Between 10:48 AM EST and 7:27 PM EST on Tuesday, December 7th, service interruptions within AWS (mostly in the us-east-1 region) caused intermittent issues for some Signiant services. AWS has not yet posted a post event summary for this incident, but it should be available at some point in the future: https://aws.amazon.com/premiumsupport/technology/pes/
At 10:48 AM EST our monitoring alerted us to a problem with app-less transfers in the us-east-1 region. Traffic was immediately directed away from this region to another region, so impact to customers would have been very minimal or non-existent.
During the course of the investigation into the above failure, our monitoring started alerting us to other anomalies in the us-east-1 region of AWS. The AWS status page did not indicate any problems at this time. In order to mitigate the issues highlighted by our monitoring, we opted to fail over services that appeared to be showing increased error rates to another region, while we continued to investigate. The services in question were all related to our Jet product.

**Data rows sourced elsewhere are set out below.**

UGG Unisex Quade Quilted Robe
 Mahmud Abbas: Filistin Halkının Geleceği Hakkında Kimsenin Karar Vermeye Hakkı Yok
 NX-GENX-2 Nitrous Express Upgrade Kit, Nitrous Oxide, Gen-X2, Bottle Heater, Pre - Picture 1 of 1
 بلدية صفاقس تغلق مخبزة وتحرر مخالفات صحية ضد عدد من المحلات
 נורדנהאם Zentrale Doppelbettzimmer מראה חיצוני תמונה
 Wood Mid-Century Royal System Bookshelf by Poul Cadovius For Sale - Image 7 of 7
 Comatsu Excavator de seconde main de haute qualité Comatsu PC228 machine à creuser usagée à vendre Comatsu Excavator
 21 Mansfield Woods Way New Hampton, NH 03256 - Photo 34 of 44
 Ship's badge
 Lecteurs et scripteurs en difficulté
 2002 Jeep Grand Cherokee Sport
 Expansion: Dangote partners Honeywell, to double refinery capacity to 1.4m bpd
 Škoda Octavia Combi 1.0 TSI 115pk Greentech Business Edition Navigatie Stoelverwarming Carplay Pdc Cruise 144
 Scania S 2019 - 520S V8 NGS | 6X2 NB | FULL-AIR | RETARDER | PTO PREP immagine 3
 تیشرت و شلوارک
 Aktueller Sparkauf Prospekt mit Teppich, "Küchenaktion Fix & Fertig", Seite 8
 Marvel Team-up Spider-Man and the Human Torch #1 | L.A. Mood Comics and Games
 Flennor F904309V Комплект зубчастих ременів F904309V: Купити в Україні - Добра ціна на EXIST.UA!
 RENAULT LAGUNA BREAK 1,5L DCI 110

We continued to investigate possible causes of the observed errors, and at 12:37 PM EST AWS posted a message on their status page stating, “We are seeing impact to multiple AWS APIs in the US-EAST-1 Region. This issue is also affecting some of our monitoring and incident response tooling, which is delaying our ability to provide updates. We have identified the root cause and are actively working towards recovery.” At this time, we noticed some intermittent difficulty with browsing share portals, and interacting with the Signiant console. Given the AWS status message, we opted to fail over Media Shuttle services to another region to mitigate the intermittent issues that our monitoring had picked up. It should be noted that Media Shuttle transfers were not affected at all during the course of this event. However, customers who had portals configured with S3 compatible storage may have experienced some problems with file operations for files in those portals between 11:08 AM EST and 7:27 PM EST.
As the day progressed, we continued to monitor AWS for updates and also closely watched for any issues with our own services. Some unexpected error were observed in some of the Jet services that had been failed over, so a deeper investigation was performed. The root cause of the observed problem was determined to be a configuration issue in the failover region and a fix was deployed to return service to normal. Based on information obtained during the investigation, it appears that customers may have had intermittent issues with Jet Hot Folder jobs between 11:00 AM EST and 3:00 PM EST. The impact of this would mean that there were possible delays in processing the hot folder events, but due to built in retries, all events were eventually processed and transfers would have been completed.
By 7:27 PM EST, all indications were that all issues had been resolved. We continued to closely monitor our services and finally closed out this incident at 8:43 PM EST.
Signiant SaaS services are designed to withstand major outages in cloud provider infrastructure and although we fared quite well compared to many other SaaS services, the issues with underlying AWS services weren't quite as transparent as we would have liked them to be (which was compounded by multiple AWS services failing intermittently and concurrently). In particular, we rely on some AWS services to perform some of our failover activities, and in this case, those services were impacted. Going forward, we are looking at enhancements to some of our failover procedures that will add additional resiliency in the unlikely event that both our existing tooling and backup console access is failing.